His voice was still steady, but inside he was bleeding hard where it didn’t show but hurt just as much. Inside, he was crying for a girl who hadn’t even given him her right name. Then, that wasn’t so unusual in the fast world of New York.
“That’s a lot of money,” I said. “You could get a big agency for that, and the police will handle it well enough.”
“The police have too much work, and I don’t want Fran lost in a big agency’s computers. I want a man who will work for Francesca. I want to do something!”
“It’s still a lot of money,” I said.
“Yes, it is. Because I want to make you take the job, and because I want my name kept out of it. I don’t want to be involved.” He said it bluntly. Either he was naive or bolder than he looked.
“Even though you can prove you were out of town?”
“I’m not worried about being thought guilty,” he said. “It’s just that a young girl, a salesman, a few weeks, you understand?”
I understood. The newspapers, and his office people, would have a fun-time with it. We love to see dirt.

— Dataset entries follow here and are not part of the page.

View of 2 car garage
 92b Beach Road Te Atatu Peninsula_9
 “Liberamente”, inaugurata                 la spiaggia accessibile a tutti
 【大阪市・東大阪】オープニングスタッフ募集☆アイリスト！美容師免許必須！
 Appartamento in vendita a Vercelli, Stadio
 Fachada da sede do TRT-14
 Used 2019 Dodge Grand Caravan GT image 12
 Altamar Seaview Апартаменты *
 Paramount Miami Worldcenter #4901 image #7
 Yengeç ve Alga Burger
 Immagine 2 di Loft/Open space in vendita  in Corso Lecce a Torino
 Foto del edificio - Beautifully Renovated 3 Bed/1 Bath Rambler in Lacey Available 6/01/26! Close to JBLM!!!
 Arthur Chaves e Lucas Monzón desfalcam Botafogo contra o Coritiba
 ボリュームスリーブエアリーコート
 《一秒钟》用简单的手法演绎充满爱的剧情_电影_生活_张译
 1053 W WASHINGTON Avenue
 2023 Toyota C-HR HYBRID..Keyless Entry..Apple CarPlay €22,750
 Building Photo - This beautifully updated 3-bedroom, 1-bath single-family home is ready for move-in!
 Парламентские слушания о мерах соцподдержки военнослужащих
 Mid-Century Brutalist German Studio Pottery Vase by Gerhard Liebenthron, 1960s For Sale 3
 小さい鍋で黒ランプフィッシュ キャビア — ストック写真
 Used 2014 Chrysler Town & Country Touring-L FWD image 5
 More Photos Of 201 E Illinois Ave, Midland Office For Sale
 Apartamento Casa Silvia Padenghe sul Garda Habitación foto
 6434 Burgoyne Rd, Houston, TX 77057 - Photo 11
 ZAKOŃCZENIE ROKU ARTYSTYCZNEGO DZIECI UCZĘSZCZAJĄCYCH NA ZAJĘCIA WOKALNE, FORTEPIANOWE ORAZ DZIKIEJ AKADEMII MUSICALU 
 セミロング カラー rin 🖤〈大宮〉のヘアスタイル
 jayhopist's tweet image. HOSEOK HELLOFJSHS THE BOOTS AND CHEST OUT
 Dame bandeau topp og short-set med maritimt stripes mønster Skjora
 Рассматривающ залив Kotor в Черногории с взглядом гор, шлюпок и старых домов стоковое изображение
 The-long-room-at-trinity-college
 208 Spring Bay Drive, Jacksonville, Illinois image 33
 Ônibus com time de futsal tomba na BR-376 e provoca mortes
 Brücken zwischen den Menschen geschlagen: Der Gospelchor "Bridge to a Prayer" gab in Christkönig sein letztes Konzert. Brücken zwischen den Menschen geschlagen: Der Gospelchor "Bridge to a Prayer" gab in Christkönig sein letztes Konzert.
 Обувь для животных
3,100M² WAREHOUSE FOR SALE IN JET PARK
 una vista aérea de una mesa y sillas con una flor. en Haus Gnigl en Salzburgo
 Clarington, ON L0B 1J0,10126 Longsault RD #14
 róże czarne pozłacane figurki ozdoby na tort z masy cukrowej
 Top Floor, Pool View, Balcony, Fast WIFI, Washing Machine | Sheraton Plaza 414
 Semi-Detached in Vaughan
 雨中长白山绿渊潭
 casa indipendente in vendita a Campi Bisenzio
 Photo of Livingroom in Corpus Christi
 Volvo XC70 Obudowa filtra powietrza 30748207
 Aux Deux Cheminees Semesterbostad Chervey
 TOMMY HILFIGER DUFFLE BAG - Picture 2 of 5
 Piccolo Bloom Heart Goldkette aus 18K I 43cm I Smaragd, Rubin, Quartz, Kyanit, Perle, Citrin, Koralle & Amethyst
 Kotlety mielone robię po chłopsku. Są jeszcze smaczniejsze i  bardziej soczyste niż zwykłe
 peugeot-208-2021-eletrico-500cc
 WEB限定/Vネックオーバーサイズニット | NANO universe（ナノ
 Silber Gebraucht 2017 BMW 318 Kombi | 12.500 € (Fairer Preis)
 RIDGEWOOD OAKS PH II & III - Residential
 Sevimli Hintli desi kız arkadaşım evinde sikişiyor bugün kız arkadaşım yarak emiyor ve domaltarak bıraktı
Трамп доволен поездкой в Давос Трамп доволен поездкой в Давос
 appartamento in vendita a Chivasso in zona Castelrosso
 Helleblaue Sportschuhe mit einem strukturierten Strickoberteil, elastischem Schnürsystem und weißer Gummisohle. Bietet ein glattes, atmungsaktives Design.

“All right,” I said. “In murder, I have to work with the police. If I can’t keep you out, I’ll tell you first.”
Andera thought for a moment, then nodded, and stood up. He counted ten hundred-dollar bills from his wallet. They were all new bills, he’d come prepared from his bank.
“I’ll come here for any reports,” he said.
When he had gone I thought about him. He had paid me more than I was worth on any market, and I had a hunch that he knew it. Had he decided how much it would cost to make me take a case I didn’t quite believe? Maybe, but did that mean that his story wasn’t true, or only that he was afraid I wouldn’t think it was true?
The only way to know was to go to work, and I could always use two thousand dollars. I called Centre Street. They told me Captain Gazzo was on the case. It figured-a mayor’s daughter. Gazzo agreed to meet me at The Medical Examiner’s Building on the East River.